PROBLEM TO SOLVE:
All lines below starting at the one that holds "sorprès el fitxatge" and ending at the one that holds "DIODO BYC8X-600 HYPERFAST" should be printed exactly, ends included. Pictures should not be printed, nor anything else.
┌──
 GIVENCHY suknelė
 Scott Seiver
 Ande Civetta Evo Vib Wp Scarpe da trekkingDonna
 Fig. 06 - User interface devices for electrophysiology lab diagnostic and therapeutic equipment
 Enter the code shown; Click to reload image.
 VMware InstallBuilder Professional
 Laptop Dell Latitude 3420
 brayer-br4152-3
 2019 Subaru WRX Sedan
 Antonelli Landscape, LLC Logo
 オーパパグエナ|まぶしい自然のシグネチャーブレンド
└──
┌──
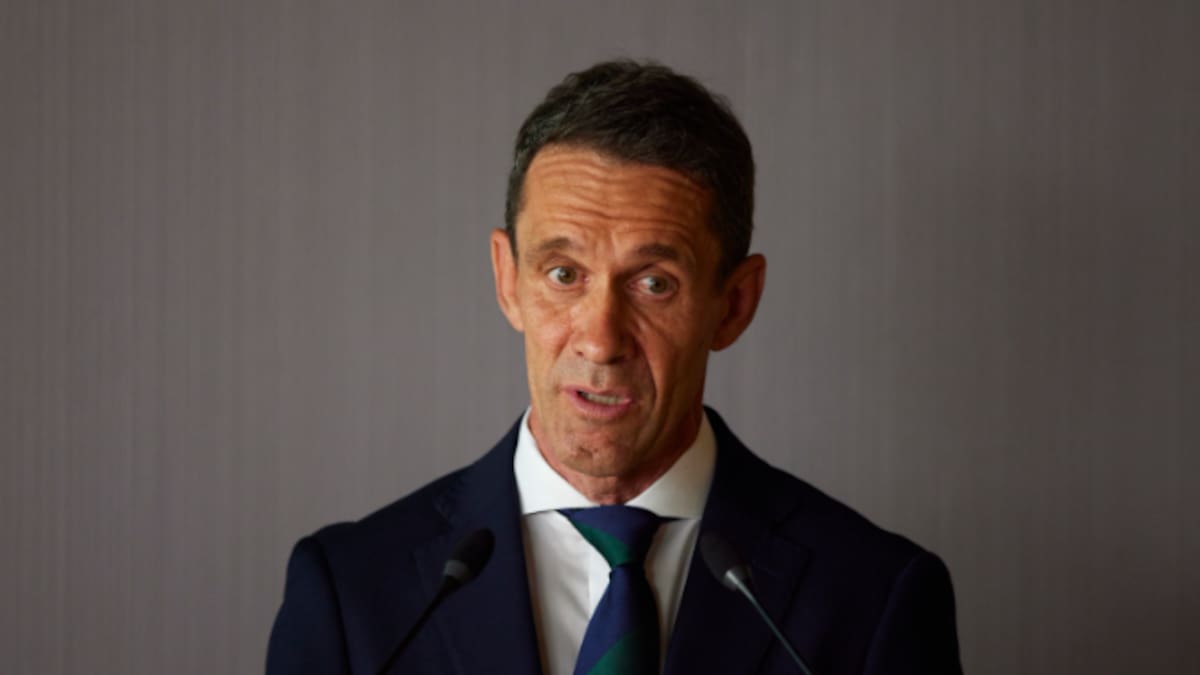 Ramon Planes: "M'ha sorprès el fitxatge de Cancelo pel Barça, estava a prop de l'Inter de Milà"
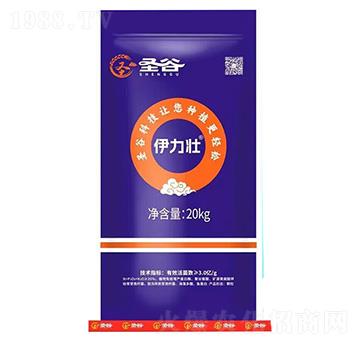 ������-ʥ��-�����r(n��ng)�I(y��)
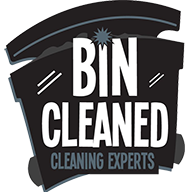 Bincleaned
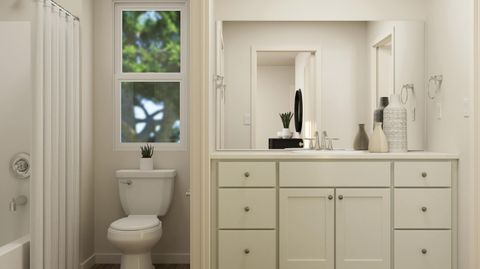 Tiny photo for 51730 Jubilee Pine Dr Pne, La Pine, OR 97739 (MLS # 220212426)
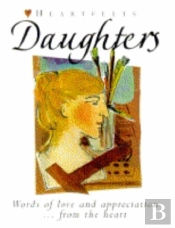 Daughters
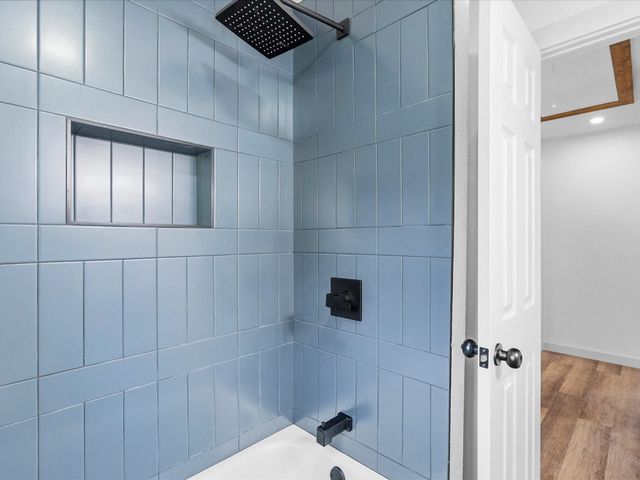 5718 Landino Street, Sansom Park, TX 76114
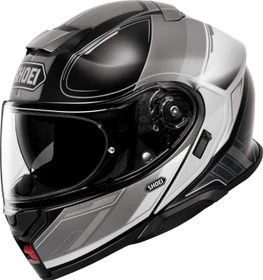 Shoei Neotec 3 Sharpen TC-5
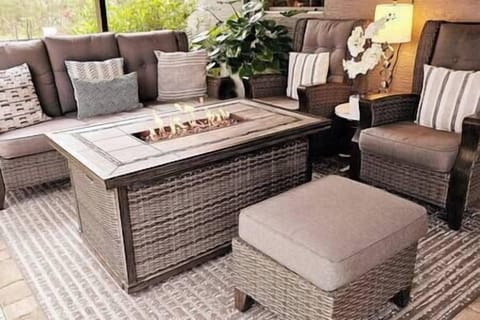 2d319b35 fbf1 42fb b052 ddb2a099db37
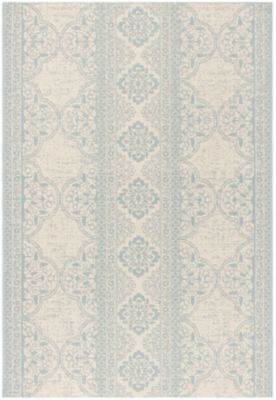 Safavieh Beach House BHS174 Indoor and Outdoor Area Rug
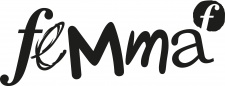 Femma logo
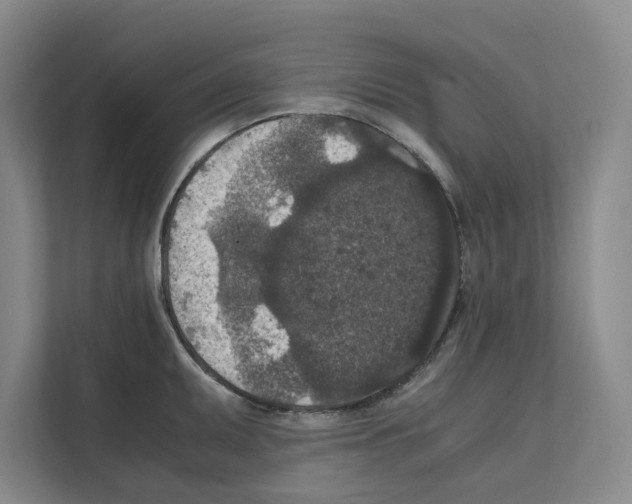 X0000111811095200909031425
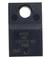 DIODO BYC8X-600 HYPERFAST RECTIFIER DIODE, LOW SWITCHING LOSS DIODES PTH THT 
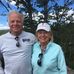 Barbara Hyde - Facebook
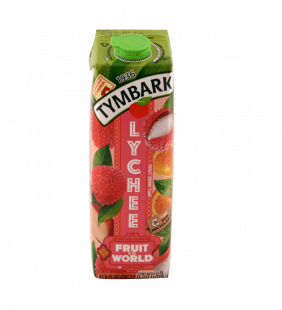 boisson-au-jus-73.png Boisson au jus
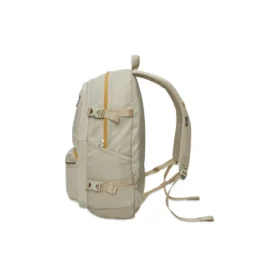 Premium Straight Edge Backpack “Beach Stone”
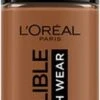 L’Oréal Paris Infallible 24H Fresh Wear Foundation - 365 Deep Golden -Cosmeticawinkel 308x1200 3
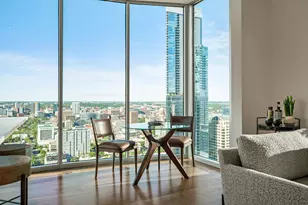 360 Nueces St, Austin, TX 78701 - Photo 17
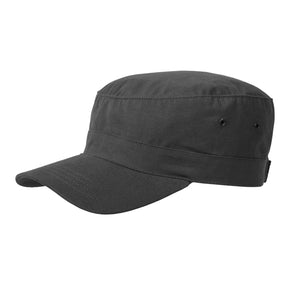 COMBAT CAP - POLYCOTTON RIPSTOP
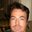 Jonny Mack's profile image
└──
THE COMPLETED TASK:
 Ramon Planes: "M'ha sorprès el fitxatge de Cancelo pel Barça, estava a prop de l'Inter de Milà"
 ������-ʥ��-�����r(n��ng)�I(y��)
 Bincleaned
 Tiny photo for 51730 Jubilee Pine Dr Pne, La Pine, OR 97739 (MLS # 220212426)
 Daughters
 5718 Landino Street, Sansom Park, TX 76114
 Shoei Neotec 3 Sharpen TC-5
 2d319b35 fbf1 42fb b052 ddb2a099db37
 Safavieh Beach House BHS174 Indoor and Outdoor Area Rug
 Femma logo
 X0000111811095200909031425
 DIODO BYC8X-600 HYPERFAST RECTIFIER DIODE, LOW SWITCHING LOSS DIODES PTH THT 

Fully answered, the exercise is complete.